There was little doubt
Stand Aside
was destined to sink at some stage and the decision was made to inflate the liferafts. The first six-man orange and black raft, which had been stowed below, was triggered and much to everyone’s delight took only seconds to be inflated and deployed at the stern – attached by a rope tether. The second liferaft, a brand new one, had been stowed on deck. It wouldn’t inflate! The crew looked on in disbelief as increasingly desperate efforts were made to inflate it. Nothing worked. They tried to pull it back aboard so they could manually trigger the inflation mechanism.

Next, much to their horror, the painter line attached to the raft capsule snapped. The crew was now confronted with a sinking yacht, one six-man liferaft, 12
crewmembers and mauling, relentless seas. Their yacht was now their one real hope for survival and keeping it afloat was crucial.

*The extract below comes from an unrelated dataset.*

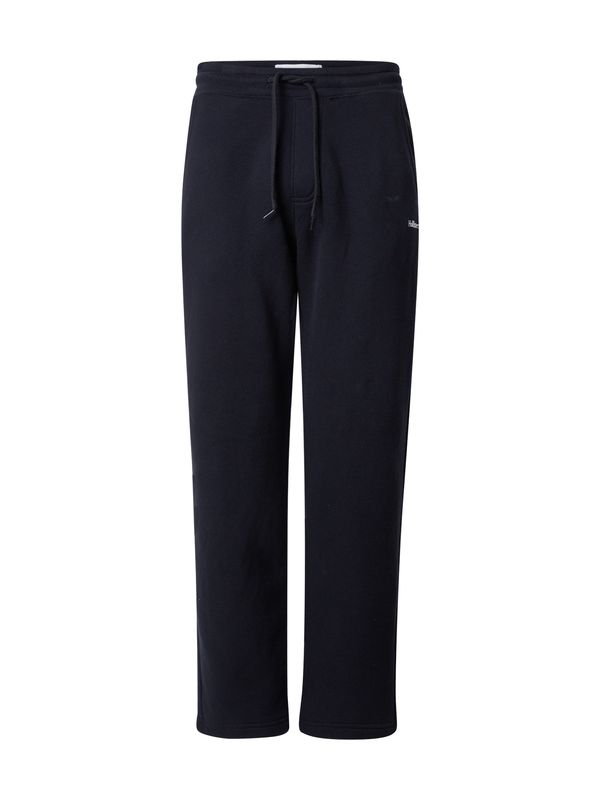HOLLISTER HOLLISTER Hlače  crna / bijela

Massive bolt cutters were brought on deck and within seconds the giant jaws were snapping through solid metal rigging as though it were a carrot. The mast was cut free and jettisoned – the chance of the broken sections of aluminium punching a gaping hole in the hull had been eliminated. Two crewmembers below deck bucket-bailed continuously while two others were assigned to manual pumps. Everything possible was thrown overboard – it was imperative that the yacht be made as light as possible; and it was important to leave a debris trail so, should
Stand Aside
sink, rescue crews would have a distinct search area and a better chance of spotting survivors.

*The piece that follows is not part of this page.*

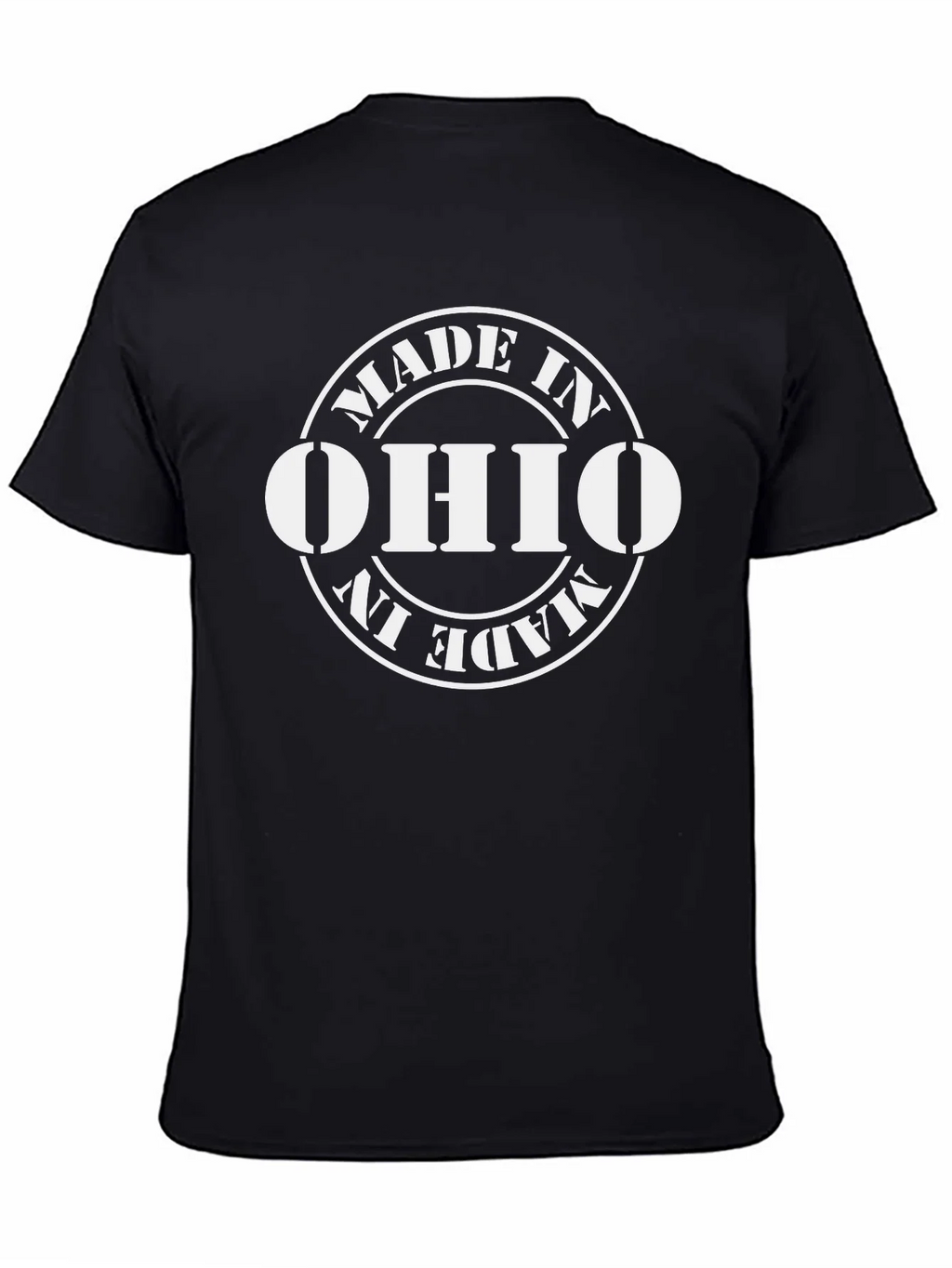 Made in Ohio T-Shirt - Black product image 4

The grab bags – holding essential stores for the liferaft – were put on deck. A hand-held VHF radio was located and it was Charles Alsop’s sole task to continuously send out a mayday call. Amid the confusion, a waterproof camera popped to the surface between Hunter’s legs in the cabin and he took some of the most harrowing and graphic photographs imaginable.

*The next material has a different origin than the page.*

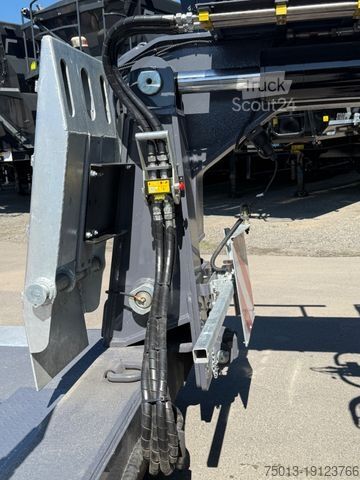 Zema profila puspiekabe  Zwangslenkung TRIDEC, Teleskopierbar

Gary Ticehurst, at the controls of the ABC chopper covering the race, and his journalist and cameraman, had completed the day’s filming and were heading back to Mallacoota for refuelling. It was late afternoon and Ticehurst was worried. He had been filming
Foxtel-Titan Ford
fighting 50-foot waves in 60 knots of wind and had been amazed to see
Helsal II
also grinding its way through the storm.

“We headed back to Mallacoota to refuel and let the journo jump on a small plane and fly back to Merimbula with his video tapes,” Ticehurst recalls. “He was keen to get
across Bass Strait to Flinders Island that night because the leading yachts were really sailing fast. I knew I had to convince him that we should stay where we were for the night. I was a little concerned about the winds we might encounter crossing the Strait, but more importantly my experience told me that most of the drama would be just off the coast where we were.”

Five minutes later a police car was racing across the tarmac towards them. The police asked Ticehurst if he could scramble his helicopter and head out to sea. An EPIRB signal and mayday call had been received by AusSAR. Ticehurst shot out of Mallacoota like a rocket at about 3pm, hitting 180 knots of ground speed assisted by a 60-knot tailwind. As they neared the search area they were sure they were entering a small cyclone. The chopper was handling the conditions well and they were reassured by the presence of a fixed-wing aircraft also searching from above. They both spotted
Stand Aside
at the same time, about 40 miles east of Mallacoota.